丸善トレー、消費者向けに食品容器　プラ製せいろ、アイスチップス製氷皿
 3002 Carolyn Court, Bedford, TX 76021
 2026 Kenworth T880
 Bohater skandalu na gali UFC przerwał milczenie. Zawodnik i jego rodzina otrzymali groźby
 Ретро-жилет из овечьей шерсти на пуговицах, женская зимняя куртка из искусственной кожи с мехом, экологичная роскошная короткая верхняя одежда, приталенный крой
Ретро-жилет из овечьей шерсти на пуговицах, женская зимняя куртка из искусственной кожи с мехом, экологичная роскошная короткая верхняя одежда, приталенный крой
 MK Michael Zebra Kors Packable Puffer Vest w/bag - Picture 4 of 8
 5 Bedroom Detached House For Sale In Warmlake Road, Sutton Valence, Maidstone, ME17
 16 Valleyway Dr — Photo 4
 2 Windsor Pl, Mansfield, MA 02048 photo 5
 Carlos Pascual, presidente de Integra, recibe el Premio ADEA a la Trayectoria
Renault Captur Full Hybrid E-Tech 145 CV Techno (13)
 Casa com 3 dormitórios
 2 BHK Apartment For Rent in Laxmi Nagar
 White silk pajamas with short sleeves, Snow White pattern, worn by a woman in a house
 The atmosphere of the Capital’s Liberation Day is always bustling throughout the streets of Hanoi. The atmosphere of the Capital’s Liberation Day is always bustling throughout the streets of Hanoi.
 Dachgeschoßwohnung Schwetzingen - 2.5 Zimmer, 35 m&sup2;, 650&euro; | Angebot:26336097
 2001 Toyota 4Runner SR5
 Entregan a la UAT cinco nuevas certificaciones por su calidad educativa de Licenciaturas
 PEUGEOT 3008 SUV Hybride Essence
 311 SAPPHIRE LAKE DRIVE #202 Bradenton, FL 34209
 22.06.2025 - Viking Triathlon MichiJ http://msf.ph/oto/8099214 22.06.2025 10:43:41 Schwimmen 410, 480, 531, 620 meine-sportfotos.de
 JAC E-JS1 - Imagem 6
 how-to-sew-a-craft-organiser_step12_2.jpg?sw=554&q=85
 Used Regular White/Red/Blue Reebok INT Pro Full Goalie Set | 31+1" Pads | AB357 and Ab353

***

What the exercise asks ::
Within the records above, each line containing "мехом" is to be returned.

Solution for this exercise ::
 Ретро-жилет из овечьей шерсти на пуговицах, женская зимняя куртка из искусственной кожи с мехом, экологичная роскошная короткая верхняя одежда, приталенный крой
Ретро-жилет из овечьей шерсти на пуговицах, женская зимняя куртка из искусственной кожи с мехом, экологичная роскошная короткая верхняя одежда, приталенный крой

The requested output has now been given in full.